La clase media ha sufrido más que ninguna otra los últimos seis años y las personas que acuden ahora a las ONG´s y a los servicios sociales ya no son en exclusiva procedentes de la marginación o de entornos desestructurados. Son familias que vivían de uno o dos sueldos con cierta holgura, ahora atrapadas por las deudas tras haber perdido sus trabajos o cuyas remuneraciones se han visto reducidas de manera drástica, de forma que no pueden hacer frente a cuestiones básicas como el pago puntual de los recibos, incluso la comida y el vestido.

Un colectivo amplio, que forma parte de esas 25.000 personas que en Zamora atienden cada año instituciones como Cáritas o los servicios sociales de los Ayuntamientos. Son los datos conocidos, aunque es probable que la cifra pueda que sea solo parte de una terrible realidad. Algunas de las víctimas de la crisis viven su nueva situación de forma vergonzante, sienten temor a ser estigmatizados y por ello no se informan adecuadamente o no acuden a solicitar unas ayudas que en el caso institucional, hay que dejarlo claro, no son caridad, sino derechos elementales, propios de una sociedad desarrollada como es la española, de ese Estado del Bienestar que, aunque tocado, aún funciona a pesar de los recortes.

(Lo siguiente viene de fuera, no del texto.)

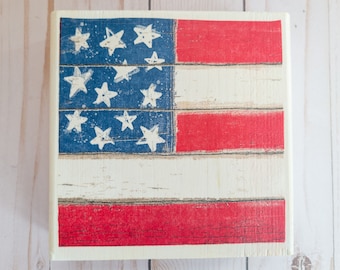 Könnte beinhalten: Ein Holzschild mit einem verwitterten amerikanischen Flaggen-Design. Die Flagge ist in Rot, Weiß und Blau mit weißen Sternen auf einem blauen Feld bemalt.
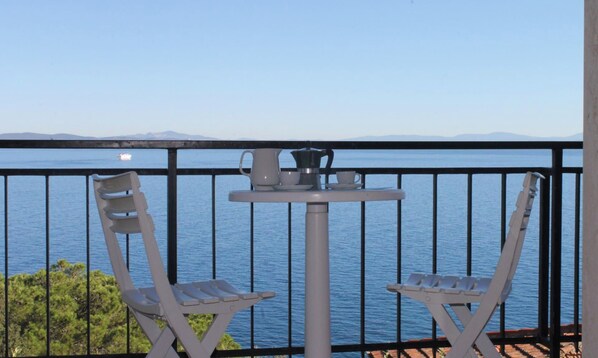 Un balcon avec deux chaises blanches et une petite table sur laquelle se trouve une cafetière, donnant sur une mer calme et des montagnes lointaines.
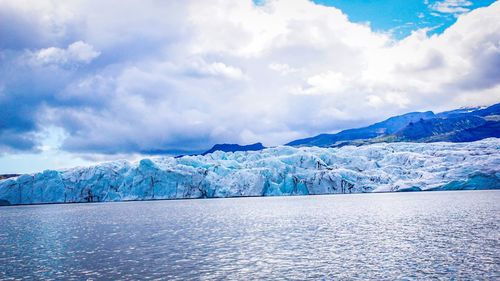 Scenic view of frozen lake against sky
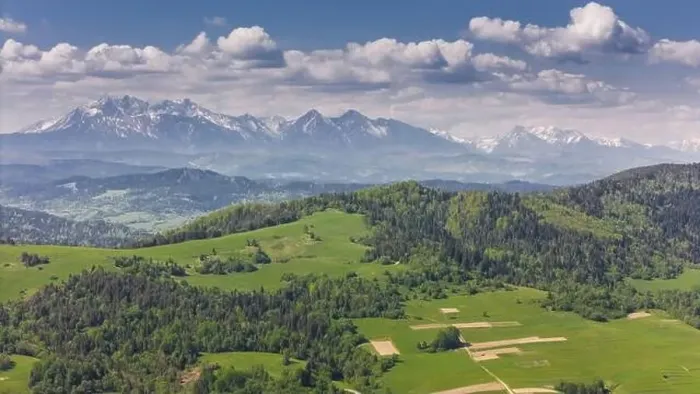 Framed Print : Aerial drone view over green hills of Pieniny National Park and snowy Tatra Mountains Framed Print : Aerial drone view over green hills of Pieniny National Park and snowy Tatra Mountains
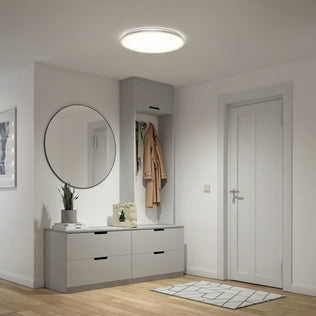 Modern entryway with round mirror, gray cabinets, coat rack, plant, and Artika Jupiter 23" LED flush mount light with remote above.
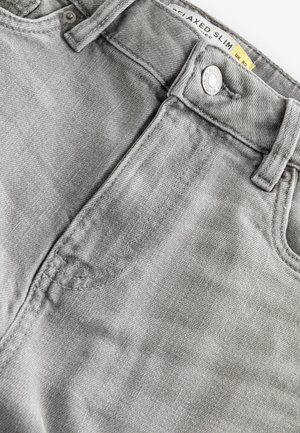 Grå denim jeans med en afslappet slim fit. Har en topknaplukning, metalnitter og en subtil tekstur. Mærket er synligt ved taljen.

Todas estas circunstancias exigen también nuevas políticas de actuación social, con el objetivo de reparar la fractura entre quienes han podido sobrellevar la crisis sin tener que hacer grandes renuncias y quienes atraviesan enormes dificultades en el día a día. Una labor que debiera realizarse de forma que no provoquen estigma alguno. La tremenda dificultad, pues, es conseguir aflorar esas situaciones de necesidad sin provocar sufrimientos adicionales de exposición pública y en particular cuando se trata de colectivos especialmente sensibles como los niños.

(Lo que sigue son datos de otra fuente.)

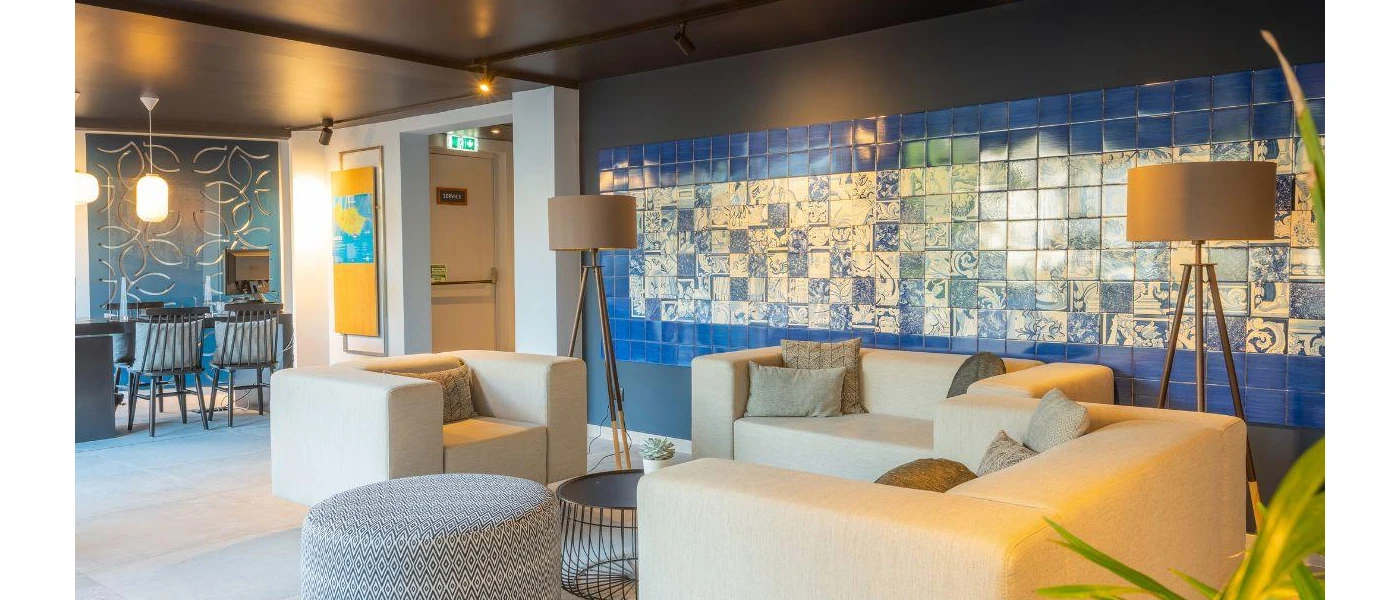Modern lobby area, with blue and white wall tiles, neutral contemporary sofas and floor lamps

Si la gente no acude a los comedores sociales por miedo a la estigmatización, habrá que buscar nuevas fórmulas como las que se están llevando ya a cabo con la organización del reparto de comida, o directamente con la aportación de efectivo para que sean los afectados los que puedan comprar. Una experiencia que tiene ya en marcha Cáritas en Andalucía, a través de bonos, o aquí en Zamora, con la apertura de la tienda de ropa de segunda mano a precios asequibles.

Pero los propios usuarios reconocen que aún así, sufren al tener que aceptar su condición de "nuevo pobre", según los clasifican las frías estadísticas. De manera que no son pocos los que prefieren seguir callando e incrementando su sufrimiento. Debería sopesarse la posibilidad de crear una "red centinela" que detecte de manera discreta esas situaciones. Si en un colegio o en un hospital aparece un niño con síntomas de maltrato, la legislación prevé la puesta en marcha de todo un sistema de protección en el que se implican varias administraciones. ¿Por qué no hacer lo mismo en los casos en que se observan situaciones de malnutrición, o de falta de abrigo en el invierno?

Los maestros, por ejemplo, detectan con rapidez entre sus alumnos cuando algo no marcha como debiera. El maltrato es un acto execrable que debe perseguirse y erradicarse. Pero que un niño esté bien nutrido o no, también condiciona su futuro, porque afecta directamente a sus capacidades para el estudio y, consiguientemente, si no se remedia, derivará en una situación de desigualdad inaceptable en un estado de Derecho.

Las administraciones deberían realizar un esfuerzo de colaboración para paliar las circunstancias de las víctimas de la crisis, y entre ellas, por la cercanía que representa con el administrado, los ayuntamientos resultarían excelentes gestores. No se trata tanto de recursos, que en el caso municipal están fuertemente constreñidos por la escasez de fuentes de financiación y por la asunción de competencias impropias, sino de un esfuerzo de coordinación en aras de la máxima eficacia hasta que la tormenta cese y todas esas familias puedan recuperar con el trabajo la dignidad que les robó la crisis.